A defensive response made by many sea cucumbers is evisceration, but in the case of S. maculata, autotomy is preferred, with large individuals dispensing with sections near the rear end while smaller individuals break into many pieces. Two previously unknown triterpene holostane glycosides have been isolated from S. maculata; one has moderate activity against HeLa tumour cells while the other is inactive.

==In literature==
Naturalist Gerald Durrell's 1977 observations of this creature were made when he was snorkeling in shallow water in Mauritius:

"At first, I could not believe that these weird objects were alive.

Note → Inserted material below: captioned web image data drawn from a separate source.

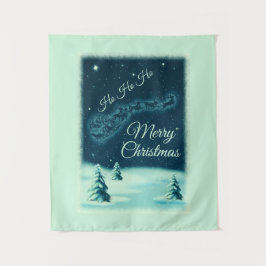 サンタと彼のトナカイのクリスマスナイトスカイ タペストリー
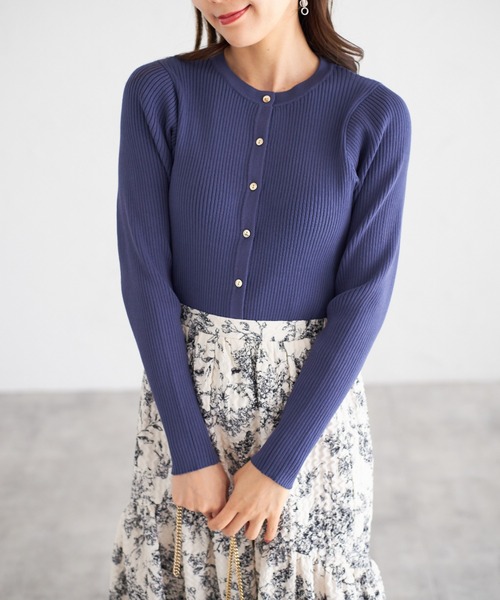 tocco closet（トッコ　クローゼット）の「【ZOZO限定】リブカーディガン（カーディガン/ボレロ・レディース・オレンジ/ラベンダー/ブルー/オフホワイト・M）」の3枚目の写真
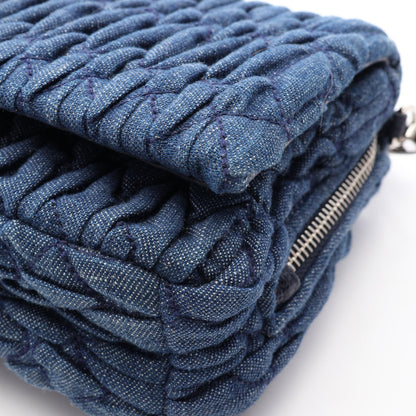 ミュウミュウ DENIM CRYSTAL レザーショルダーバッグ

I thought they must be strange, dead strands of some deep-sea seaweed now washed into the shallows by the tide, to roll and undulate helplessly on the sand to the small movements of the sea. Closer inspection showed me that they were indeed alive, unlikely though it seemed. Sinucta muculata[sic], as this strange creature is called, is really a sort of elongated tube, which sucks in water at one end and with it microscopic organisms, and expels the water at the other."